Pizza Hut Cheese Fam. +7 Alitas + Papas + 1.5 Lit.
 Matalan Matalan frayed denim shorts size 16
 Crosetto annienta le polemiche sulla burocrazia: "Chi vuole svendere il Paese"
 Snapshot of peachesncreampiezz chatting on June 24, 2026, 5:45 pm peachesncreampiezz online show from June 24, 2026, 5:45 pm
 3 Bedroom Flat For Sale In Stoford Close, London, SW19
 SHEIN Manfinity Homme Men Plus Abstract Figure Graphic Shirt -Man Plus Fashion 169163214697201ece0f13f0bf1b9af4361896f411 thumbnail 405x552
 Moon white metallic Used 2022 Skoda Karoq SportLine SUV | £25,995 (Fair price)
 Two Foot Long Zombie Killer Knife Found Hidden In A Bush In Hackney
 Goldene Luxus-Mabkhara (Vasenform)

________________

Go through the material above line by line and copy it exactly.

**Response box:**
Pizza Hut Cheese Fam. +7 Alitas + Papas + 1.5 Lit.
 Matalan Matalan frayed denim shorts size 16
 Crosetto annienta le polemiche sulla burocrazia: "Chi vuole svendere il Paese"
 Snapshot of peachesncreampiezz chatting on June 24, 2026, 5:45 pm peachesncreampiezz online show from June 24, 2026, 5:45 pm
 3 Bedroom Flat For Sale In Stoford Close, London, SW19
 SHEIN Manfinity Homme Men Plus Abstract Figure Graphic Shirt -Man Plus Fashion 169163214697201ece0f13f0bf1b9af4361896f411 thumbnail 405x552
 Moon white metallic Used 2022 Skoda Karoq SportLine SUV | £25,995 (Fair price)
 Two Foot Long Zombie Killer Knife Found Hidden In A Bush In Hackney
 Goldene Luxus-Mabkhara (Vasenform)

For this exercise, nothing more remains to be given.